A côté de cet événement, car c’en est un, majeur de la vie politique française, il y a le panache de notre armée. Certains murmurent : mais c’est un faux combat, Tombouctou n’est pas tombée après des affrontements acharnés… Tombouctou s’est ouverte, toute seule, à l’armée française… Si cela est vrai, nous voici ramenés au meilleur de notre présence militaire en Afrique. Dans les carnets de mon grand-père, officier de tirailleur au Maroc, puis en Afrique noire, avant d’aller mourir glorieusement après les derniers combats en Serbie, il y a le récit de l’entrée de l’armée française à Fez, il y a tout juste un siècle, cette année.

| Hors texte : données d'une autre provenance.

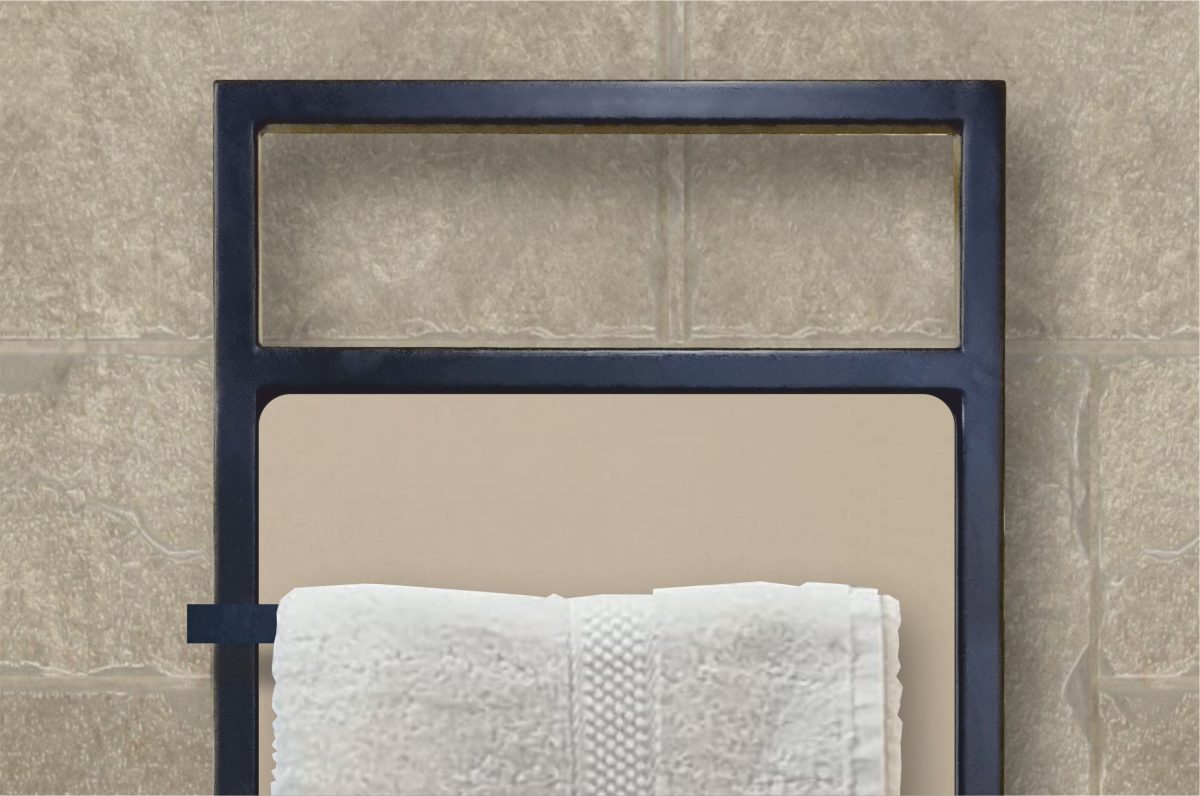 A HOM wood radiator in a minimalist, high-design interior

Pas un coup de feu… des cris de joie, un accueil enthousiaste (d’un enthousiasme absolument pas ceinturé !) et le fait se reproduit si souvent que mon grand-père s’écria (pour lui-même) : « Quand verrai-je le feu ? » Il le verra, plus tard, dans le sud marocain, mais généralement la seule annonce de l’arrivée de nos armes calme la rébellion, fait cesser les razzias, met en fuite les coupeurs de route (déjà, et comme encore maintenant, en Côte-d’Ivoire,) et en joie les populations qui aspiraient à la paix.

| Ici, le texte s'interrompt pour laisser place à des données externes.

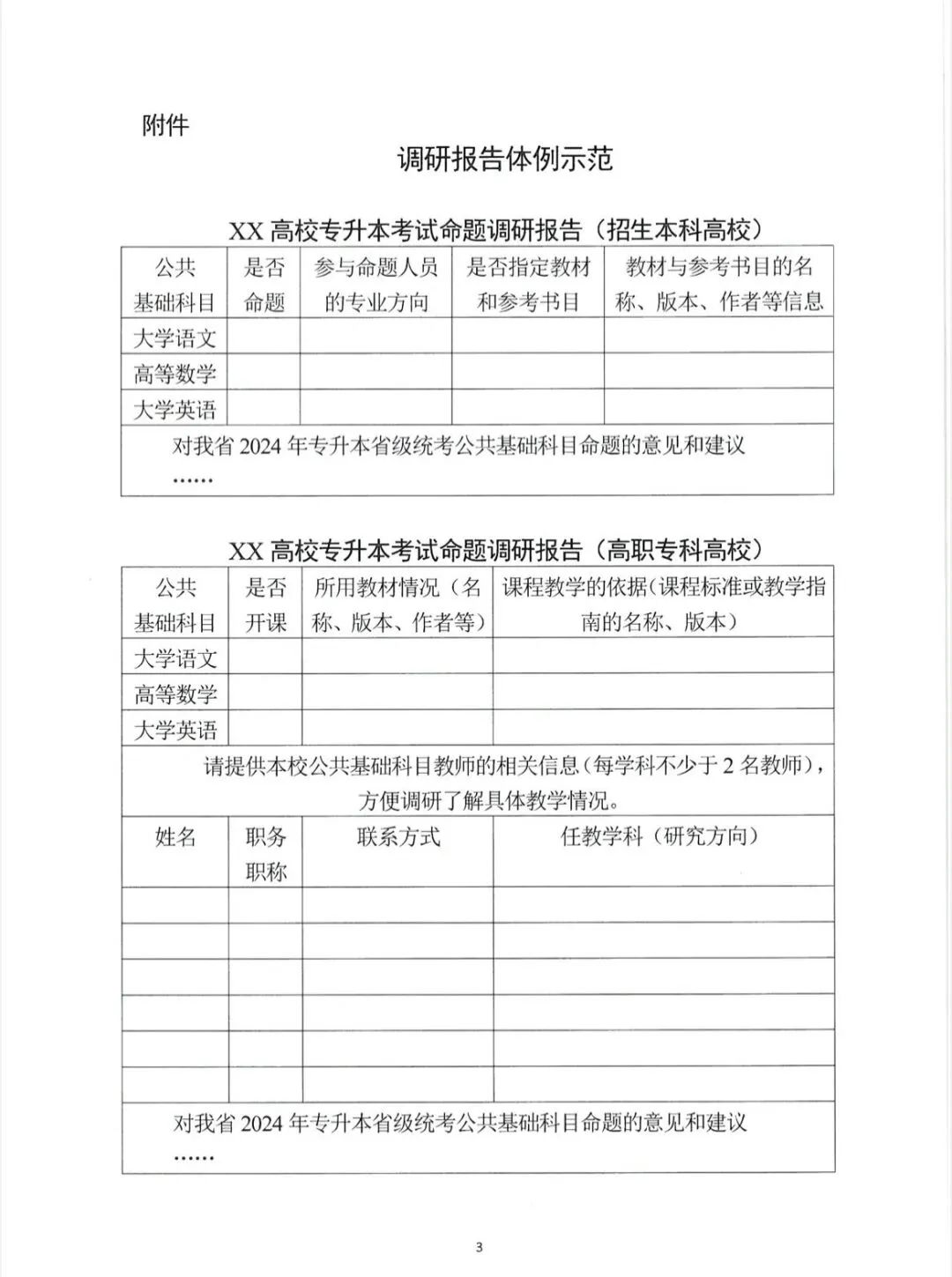 關(guān)于開展2024年湖南省普通高等學(xué)校專升本考試命題書面調(diào)研工作的函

« Il n’est pas dans l’intention de la France de rester », dit M. Hollande, dans une précaution oratoire compréhensible, mais il est dans le vœu des populations qu’une forme de présence forte et pacifiante soit trouvée. Si cet exutoire glorieux tente nos socialistes d’aujourd’hui comme il tenta leurs ancêtres – Jules Ferry à qui M. Hollande a rendu hommage le jour même de son investiture – qu’ils ne se gênent pas ! L’aventure militaire et africaine pour notre jeunesse, c’est autre chose que la revendication de la reconnaissance sociale des rapports homosexuels. Il suffit d’entendre, à la tribune de l’Assemblée nationale, le député communiste Bruno Nestor Azérot parler d’une « cassure morale irréversible », de « la rupture du pacte Républicain », « allons-nous vers une société où l’individualisme hédoniste fera disparaître nos valeurs personnalistes et socialistes ».
Présent de la Chandeleur a cité intégralement cette remarquable intervention qu’on peut aussi voir et entendre sur nos petits écrans de travail.
N’y a-t-il pas, aussi, encore, et peut-être surtout, une promesse de rajeunissement politique dans un certain éclatement des clivages « gauche-droite » !
Restons attentifs aux signes de l’instant. Nous n’en sommes qu’au printemps du printemps. Il est bien intéressant.